First Jewish Film Festival in Birmingham

This Chanukah, the Levite Jewish Community Center hopes members will give themselves the gift of film as it hosts the first annual Birmingham Jewish Community Film Festival during Chanukah, Dec. 4 and 5.

“We have a very unique, high-quality Jewish community in the Birmingham area. We have very strong agencies, organizations as well as institutions to help involve and unite us,” said Rabbi Ira Flax, Jewish Educator at the LJCC and one of the film festival’s lead organizers, along with LJCC Adult and Senior Programming Director Mindy Cohen.

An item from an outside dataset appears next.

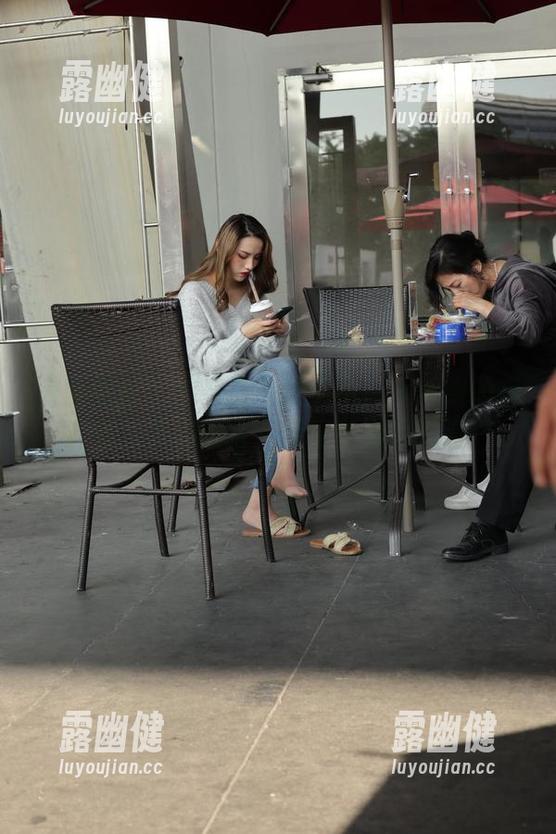 魔镜街拍 - 你有没有被艾小青水手服的高清图片晃到眼睛？超级有海的味道！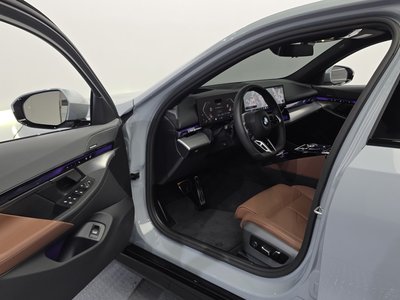 2025 BMW 5 SERIES — миниатюра 13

“We personally love quality films and thought it would be nice to unite many folks from the Jewish community for a social gathering without an agenda. This is something that is fun and enjoyable — a great reason for us to get together as Jews and also celebrate the Chanukah holiday,” added Flax.

The festival kicks off at 7 p.m. on Dec. 4 with the Israeli film “Noodle.” The story is about Miri, a flight attendant who returns home and is asked to watch her Chinese housekeeper’s young son while the housekeeper runs an errand. When the housekeeper fails to return, Miri and her co-workers make it their mission to reunite the two. Miri herself is a two-time war widow with a bleak view of life, but finds purpose in this mission.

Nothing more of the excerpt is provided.